En su versión de Macbeth, Ionesco impugna por completo a Shakespeare. Ya no hay intención legitimadora ni puerta abierta a la esperanza. El Macbett de Ionesco es un fantoche y un tirano, como el rey Ubú de Alfred Jarry. No en vano, el protagonista de Ionesco grita “merdre” en el momento de expirar, al ver cumplida la profecía sobre el deambulante bosque de Birnam. Y ésa es la clave de la lectura ionesquiana de Shakespeare, que el poder corrompe siempre, que es por naturaleza violento y envilecedor, que no hay salvación posible, que el crimen tapado con crimen engendrará una tragedia que, de puro repetida, se volverá farsa, como advertía el filósofo de Tréveris. Aparte de eso (y no es poco), el Macbett de Ionesco tiene poco que añadir al Macbeth de Shakespeare. Es una larga sarta de gags al borde del metateatro, que recuerda y retuerce la trama jacobina y que puede arrancar algunas carcajadas al público, pero que no alcanza la profundidad del gran Ionesco político de El rinoceronte, y que, como recepción de Shakespeare, raya muy por debajo de Shakespeare. Macbett se presenta, en ese sentido, como un divertimento de senectud del Ionesco post-absurdo que ya habría dicho todo lo que tenía que decir.
La versión de Ramon Simó, preestrenada el 26 de marzo en la Sala Petita del TNC, es ágil e imaginativa y explota abundantemente la vis cómica de esta “farsa trágica”, como la apodaba Ionesco. Cinco mesas metálicas, exhibiendo frontalmente el tablero, sirven de escenario para la batalla campal o, devueltas sobre sus patas, hacen de salón para un banquete real. Un largo cortinaje, a modo de telón de fondo, se ofrece para los viejos pero eficaces juegos de sombras chinas, donde la acción avanza con sorna y ritmo. Mención especial, en ese sentido, a la iluminación de Quico Gutiérrez y su ingeniosa solución para las apariciones de los espectros de Banco y de Duncan, uno de los caballos de batalla de todo Macbeth. El vestuario de Mariel Soria y la utilería también brillan por sus ocurrentes anacronismos, que van del traje de chaqueta a las gorgueras isabelinas, de las carteras de ejecutivo a las espadas medievales, de las armas semiautomáticas a los cascos imperiales alemanes.

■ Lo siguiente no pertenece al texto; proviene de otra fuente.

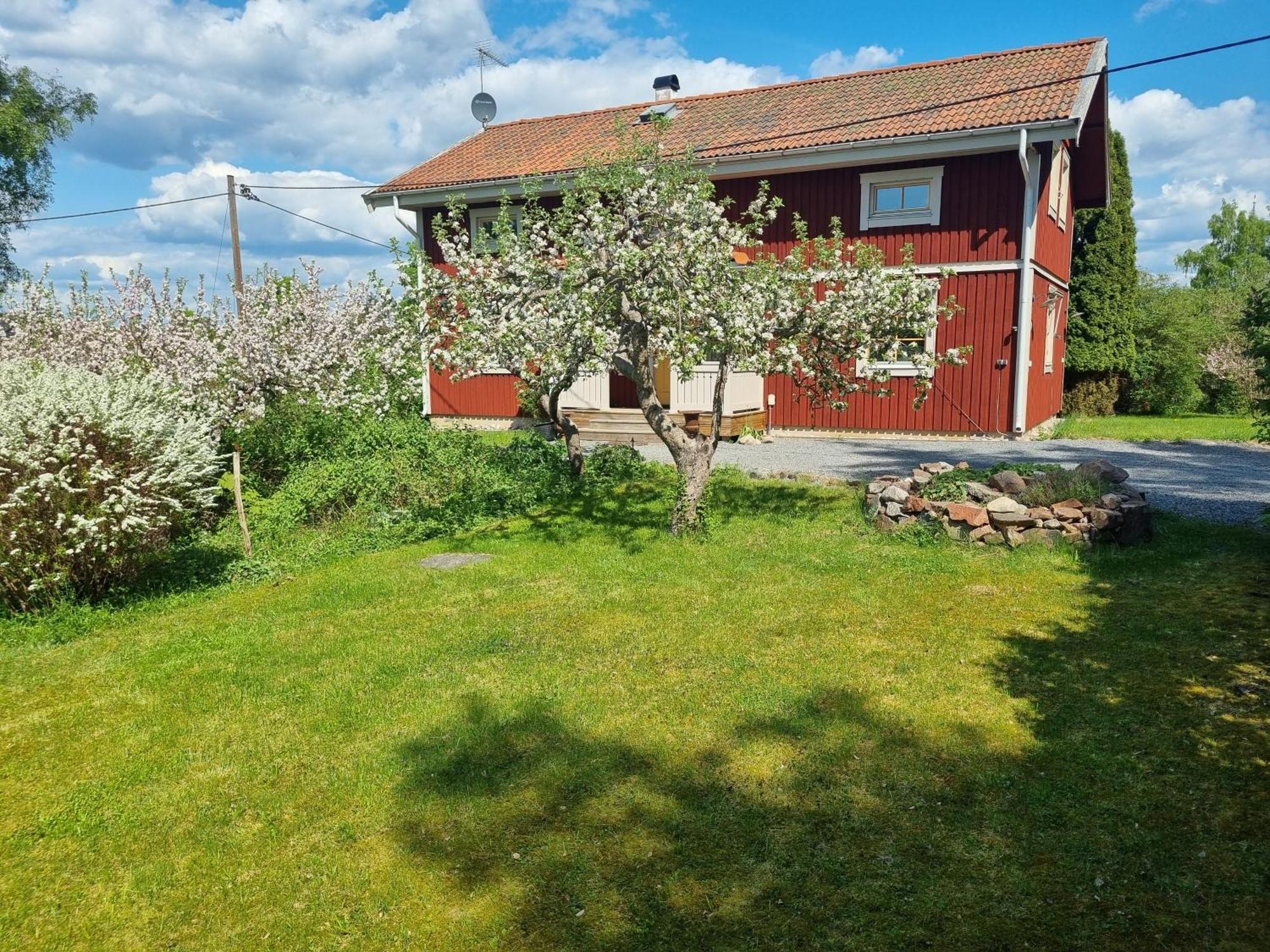 Saellinge House - Cozy Villa With Fireplace And Garden Close To Uppsala Dış mekan fotoğraf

Un juego de luces y un vestuario que, junto a las adaptaciones de Verdi por Joan Alavedra, interpretadas al piano por un talentoso David Anguera, se cuentan entre lo más logrado de la función.
Las interpretaciones, en su registro farsesco, fluyen con eficacia, y el público encaja de buen grado los numerosos y fáciles golpes de humor de la pieza. Joan Carreras es un Macbett lujurioso y desatado, autoirónico e impenitentemente ridículo. Pep Ambròs como Banco y como Macol es absurdamente solemne, maniático y obsesivo con su injusta discriminación por el destino. Josep Julien derrocha socarronería como conde de Candor hasta el momento mismo de su ejecución, así como en sus numerosos papeles secundarios. Y el escurridizo Glammiss de Xavier Ricart o el pusilánime Duncan de David Bagés no le andan a la zaga en sus réplicas y dúplicas. Anna Alarcon es una procaz bruja y lady Duncan, personajes confundidos por la propia trama, y la acompaña una desenvuelta y no menos brillante Laia Alsina. Todo fluye impecablemente en esta función entretenida y amena, quizá demasiado larga en sus tres horas con entreacto, para contarnos lo que Ionesco tiene que contar del rol-título de Shakespeare. Una versión diferente de Macbeth, muy por debajo (hay que decirlo) del mejor Shakespeare y del mejor Ionesco, que da un paso más en la inagotable recepción del bardo.